Newsmax’s Lidia Curanaj lit into the Biden administration on Sunday, declaring that “fifty‑nine percent of illegals were on our payroll before the government shutdown” and pointing to SNAP as a glaring example of the problem. Her blunt framing captured the frustration millions of Americans feel watching Washington spend taxpayer dollars while open‑border policies keep sending more people here outside the rule of law. Many patriots watching nodded — but we also owe it to the truth to separate inflammatory rhetoric from the facts so our outrage has teeth.
Here’s the sober reality: SNAP is a federal program with clear eligibility rules that generally bar unauthorized immigrants from receiving federally funded benefits, and it is administered by states under USDA oversight. Qualified noncitizens can access some benefits under narrow conditions, and citizen children in mixed‑status households may receive assistance, but the law does not broadly hand welfare cards to people who enter the country unlawfully. The Congressional Research Service and USDA explain the program’s federal rules and state administration framework in plain language.
That said, the left’s open‑border experiment has created messy loopholes and plenty of moral hazard. Data show noncitizen participation in SNAP exists — historically in the single digits as a share of participants — and mixed‑status households complicate enforcement and public perceptions. Advocates and watchdogs alike have documented how intimidation, shifting public‑charge rules, and state policy choices affect immigrant participation rates, but nowhere does the evidence support a claim that a majority of noncitizens or “illegals” are sucking on the federal teat at a 59 percent clip.
What Washington won’t tell you is how this administration has weakened checks and quietly encouraged states to share more benefits data without clear safeguards — and now states are fighting back. The state of Washington recently sued to block federal access to SNAP applicant data after the USDA signaled it might use such information for immigration enforcement, underscoring the chaos and the real privacy and governance questions at stake. Meanwhile, hardworking taxpayers get the short end of the stick while officials squabble about data and jurisdiction.
Conservatives have every right to be furious, but fury must be channeled into policy that works: tighten eligibility, close loopholes, and restore common‑sense verification like E‑Verify so employers stop hiring people who aren’t legally allowed to work and taxpayers stop footing bills for those who shouldn’t be here. If states want to offer charity, that’s one thing, but the federal treasury must prioritize citizens and legal residents first — especially during inflation and supply‑chain pain that we all feel at the supermarket. The Congressional Research Service and USDA outline tools Congress already has to tighten rules and improve work requirements if lawmakers have the backbone to use them.

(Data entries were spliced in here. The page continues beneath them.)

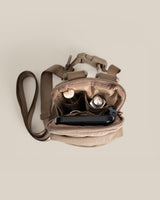 Shop-Traq Mobile Sling Almond Beige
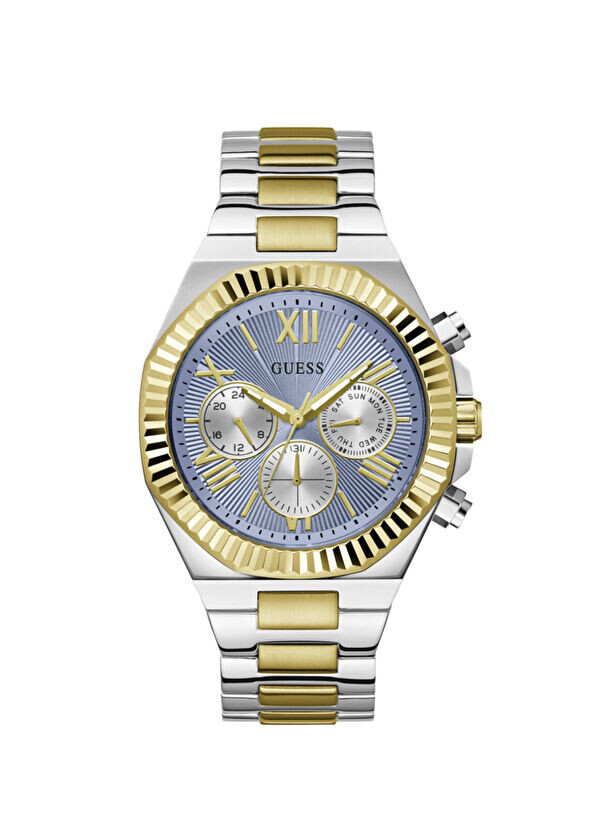 

Мужские наручные часы Gugw0703G3 Guess , золотой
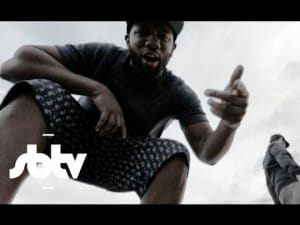 Footsie | On This Ting [Music Video]: SBTV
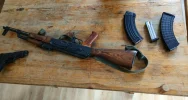 Warsztaty proobronne w Tymbarku - zdjęcie 4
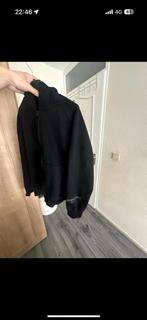 Essentials Fear of God hoodie, Zwart, Ophalen of Verzenden, Maat 46 (S) of kleiner, Essentials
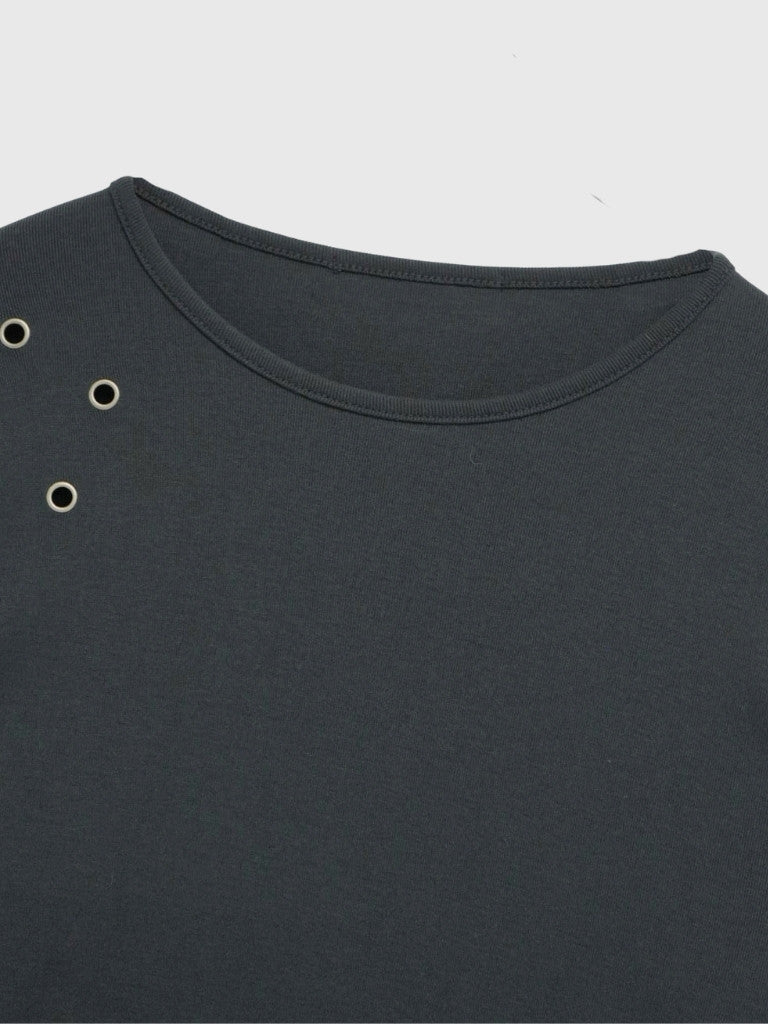 eyelet point tops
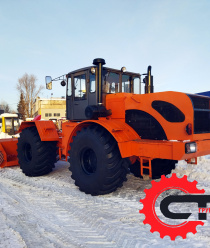 Ремзавод СТМ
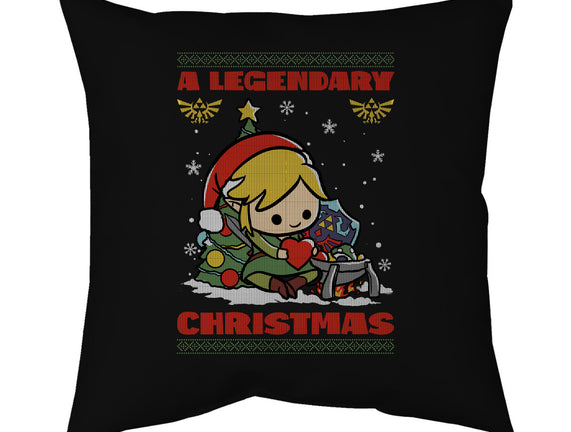 Legendary Christmas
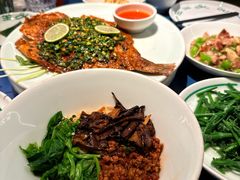 -一坐一忘云南菜(嘉里中心店)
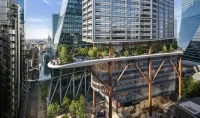 One London by Eric Parry Architects Sets a New Benchmark for London’s Skyline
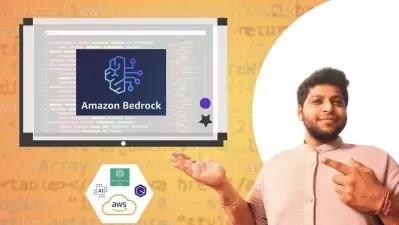 Master Amazon Bedrock: No-Code AI Solutions (2024 Pro Guide)  

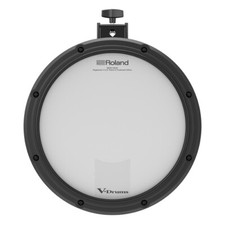 Roland PDX-12 Dual Trigger Pad V Drums 12 pouces avec boîte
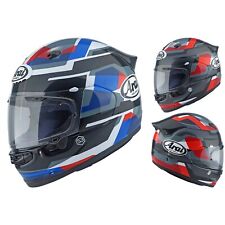 Casco Arai Quantic Abstract - Casco Moto Casco Integrale con Visiera Pinlock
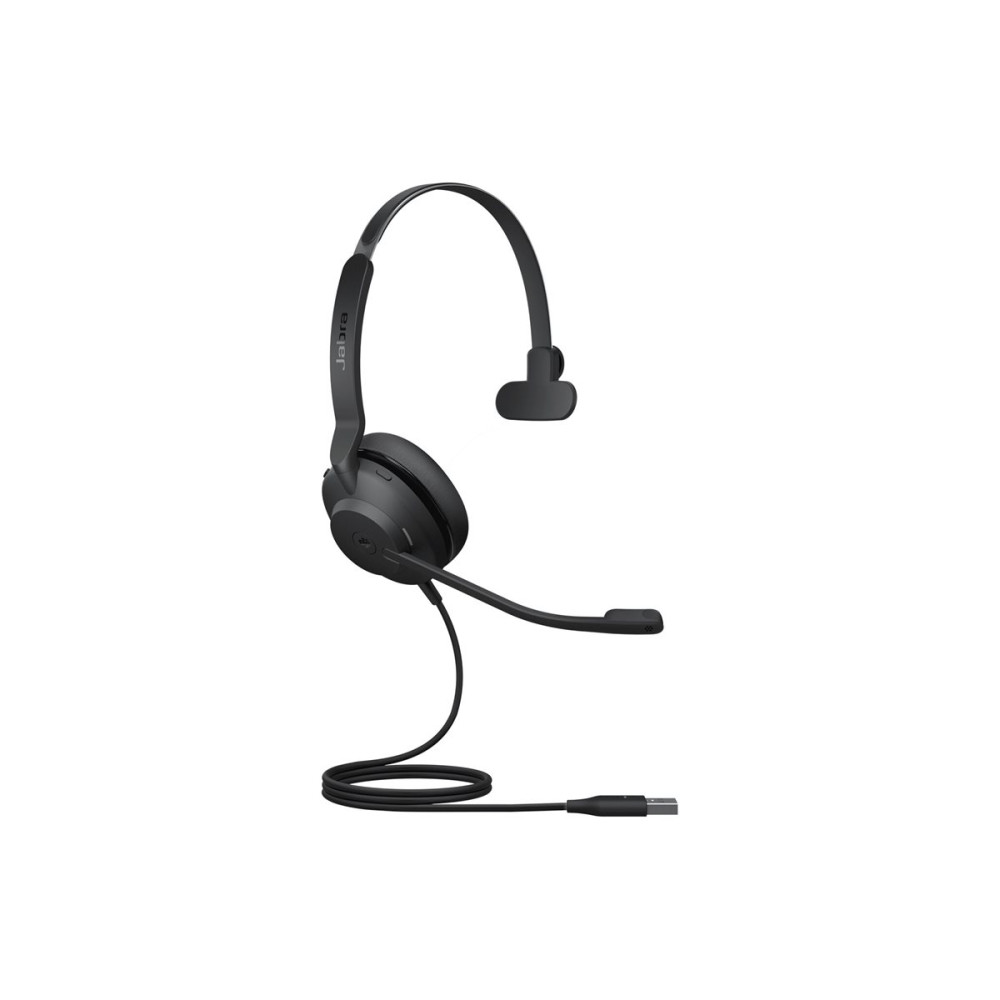 Produktbild för Jabra Evolve2 30 SE MS Mono - headset - USB-A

The bigger picture is simple: a nation without secure borders and enforceable laws ceases to be a nation — it becomes a caricature of its former self. Americans who work two jobs, pay taxes on the nose, and keep faith with the community deserve a government that respects them, protects them, and stops rewarding lawbreaking. It’s time for Republican leaders to stop ceding the moral high ground and to force a debate in Congress that puts American families first, closes these welfare loopholes, and restores accountability to our immigration and benefits systems.